Tiny Homes for the Homeless Made of Salvaged and Recycled Materials


Artist Gregory Kloehn has been quietly addressing the problem of homelessness in Oakland by building a number of unique, tiny homes for the homeless using repurposed and salvaged materials. This initiative is called the Homeless Homes Project and through it, Gregory has already provided several homes for the area’s homeless. To build the homes, he uses primarily illegally dumped garbage and industrial waste solving several problems at once.

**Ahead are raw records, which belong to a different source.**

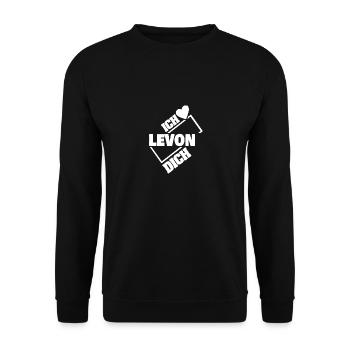 Levon als Couple - Unisex Pullover - Schwarz - Vorne - Alina (178cm) & Michal (187cm)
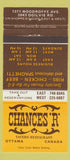 Matchbook Cover - Chances R Tavern Ottawa ON 30 Strike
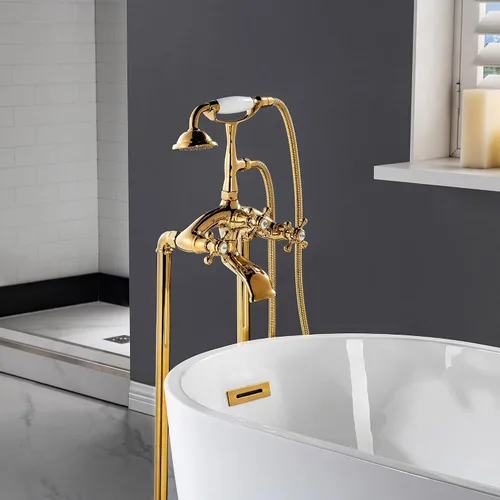 Miniatura 4 de WOODBRIDGE F0019PG - Grifo de bañera con doble manija para montaje en el suelo, dorado Oro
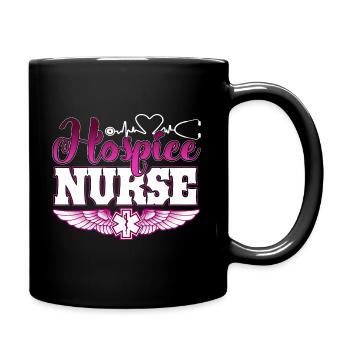 Funny Hospice Nurse - Full Colour Mug - black - Right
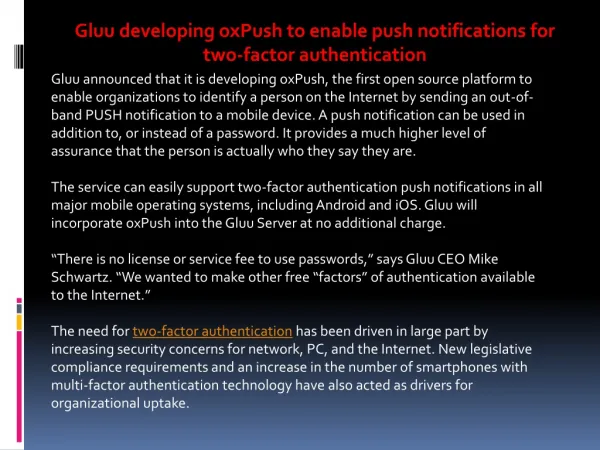 Gluu developing oxPush to enable push notifications for two-
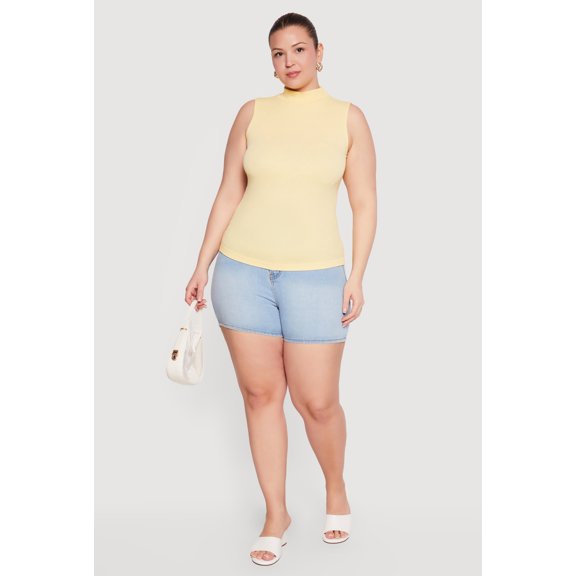 Women's Plus Size Compression Rib Mock Neck Tank Top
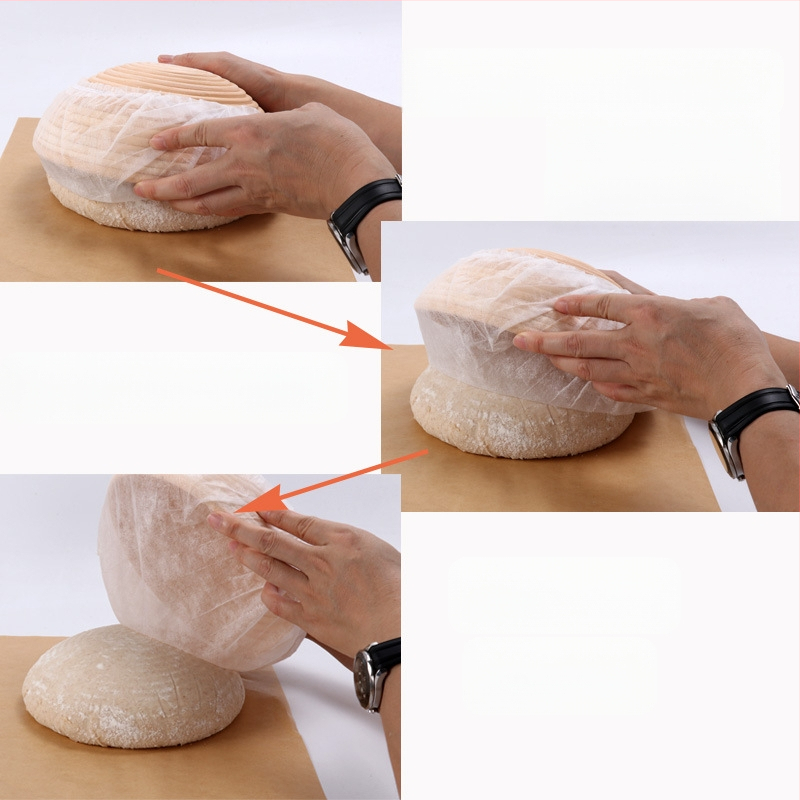 Vienkartinis neaustinis fermentacijos krepšelio audinio užvalkalas, nelimpantis tešlos, europietiškos duonos, namų kepimo įrankiai, rotango krepšelio audinio užvalkalas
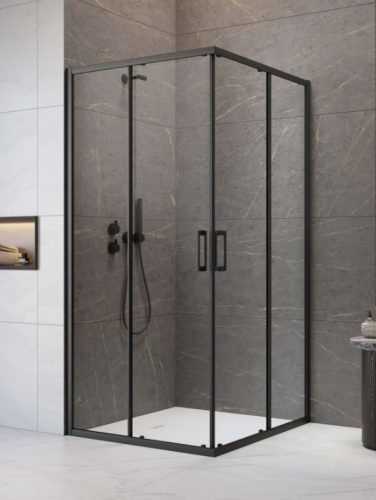 Zuhanykabin, Radaway Premium Pro Black KDD szögletes fekete zuhanykabin 80x100 átlátszó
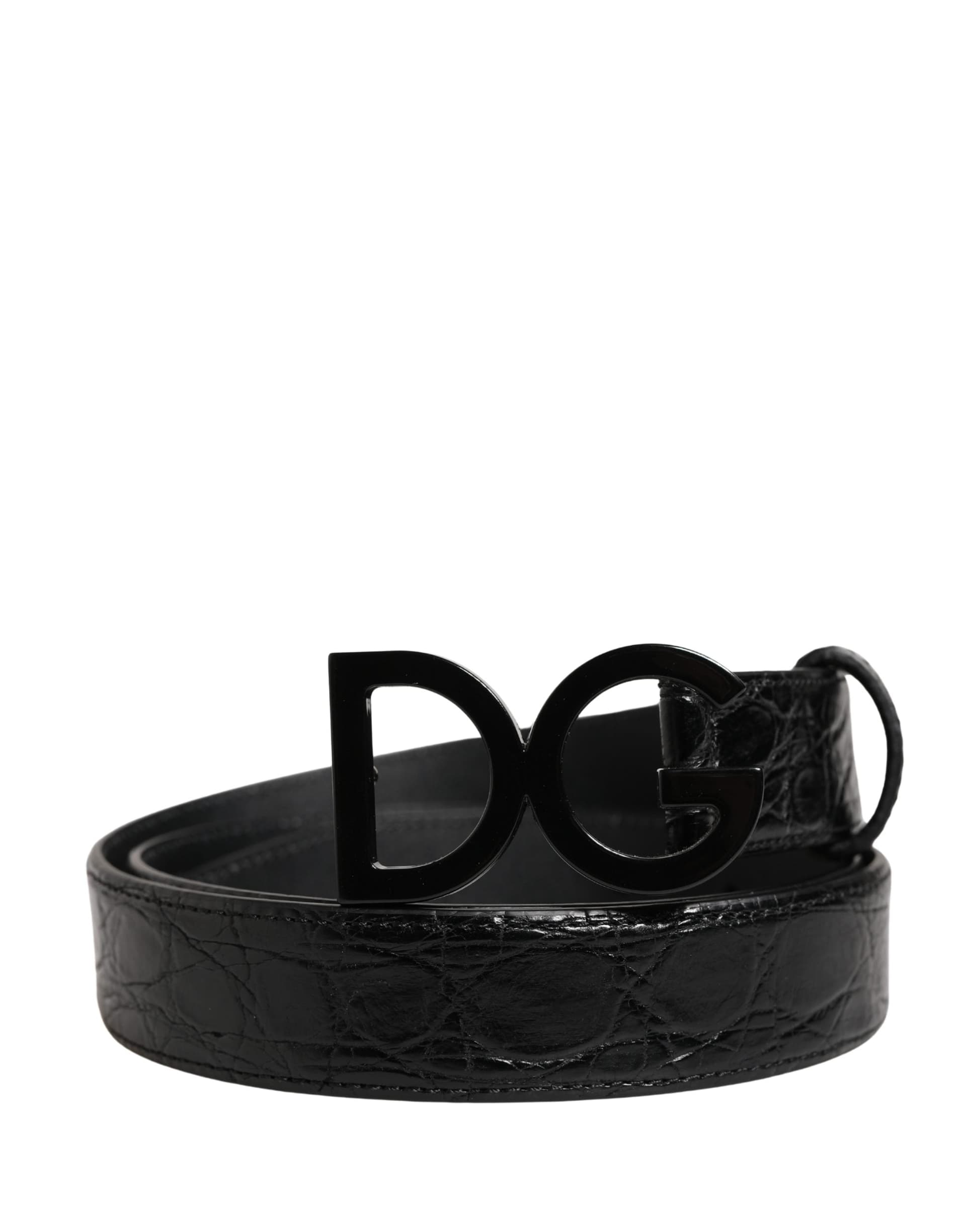 Dolce & Gabbana Men Black Exotic Leather Logo Buckle Belt - 2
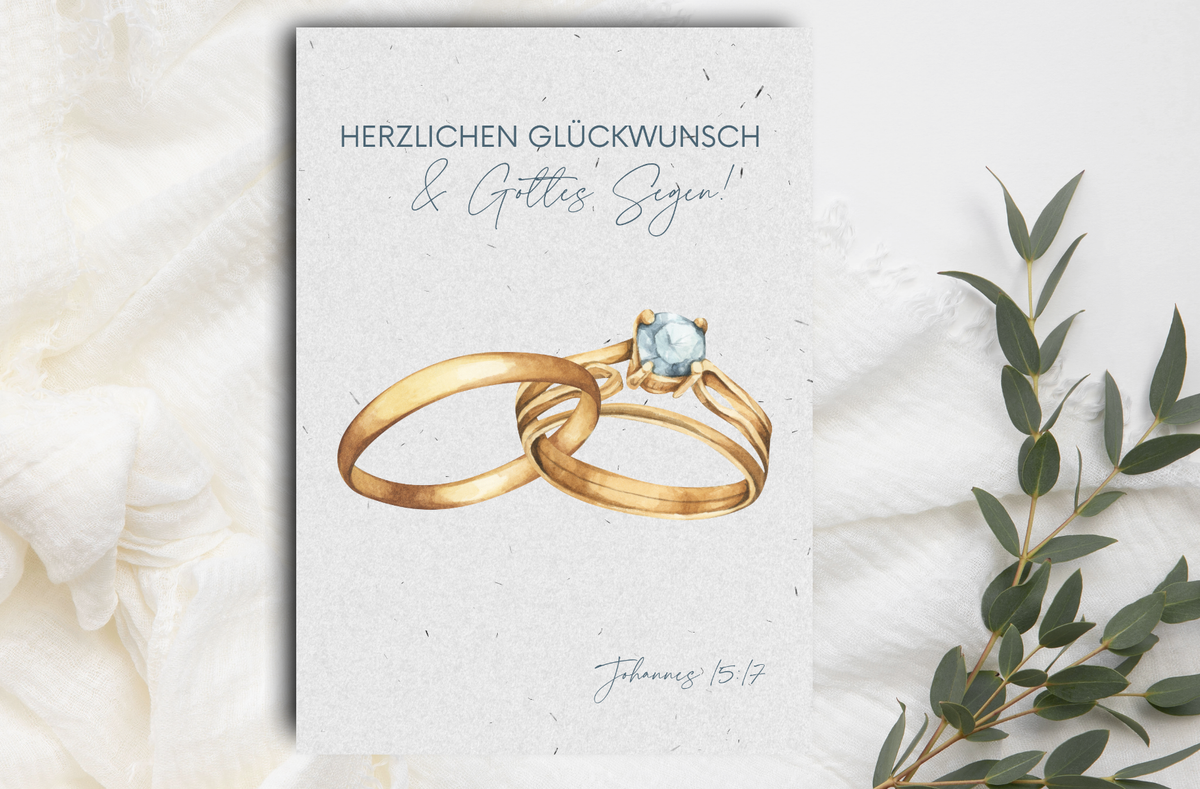 Postkarte mit Aquarell Motiv Ringe und Wunsch Herzlichen Glückwunsch und Gottes Segen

To build these tiny homes, Gregory uses anything that can somehow become part of a home, including a discarded washing machine front, which is used as a window, as well as bed frames, sofa frames, and even refrigerator shelves. The main building blocks he uses to build these homes are pallets, plywood, OSB, packing crates and more. The pellets are normally used to build the basic frame and base, though he also uses more creative building blocks such as car consoles. When searching for building materials, Gregory looks for anything that consists of real wood, tempered glass and sturdy frames. He then buys the nails, screws, glue, paint brushes and saw blades needed to turn the refuse into homes. When a home is completed, he pushes it into the street, takes a few photos and then gives it away.


All of the homes are also fitted with wheels so the owners can move them around if they need to. The homes also come equipped with locks for security and privacy. These homes are usually only big enough to fit a bed and some storage space, and take about three days to construct. The houses are also painted with bright colors and given fun names, such as R2D2, Romanian Farm House, Uni-bomber Shack and The Chuck Wagon, which Gregory believes helps give the new owners added hope for the future.



He started the project on his own, but since then several local community groups and volunteers have expressed an interest in helping him. They are currently planning to move all activities into a larger space that can accommodate workshops and allow for larger builds.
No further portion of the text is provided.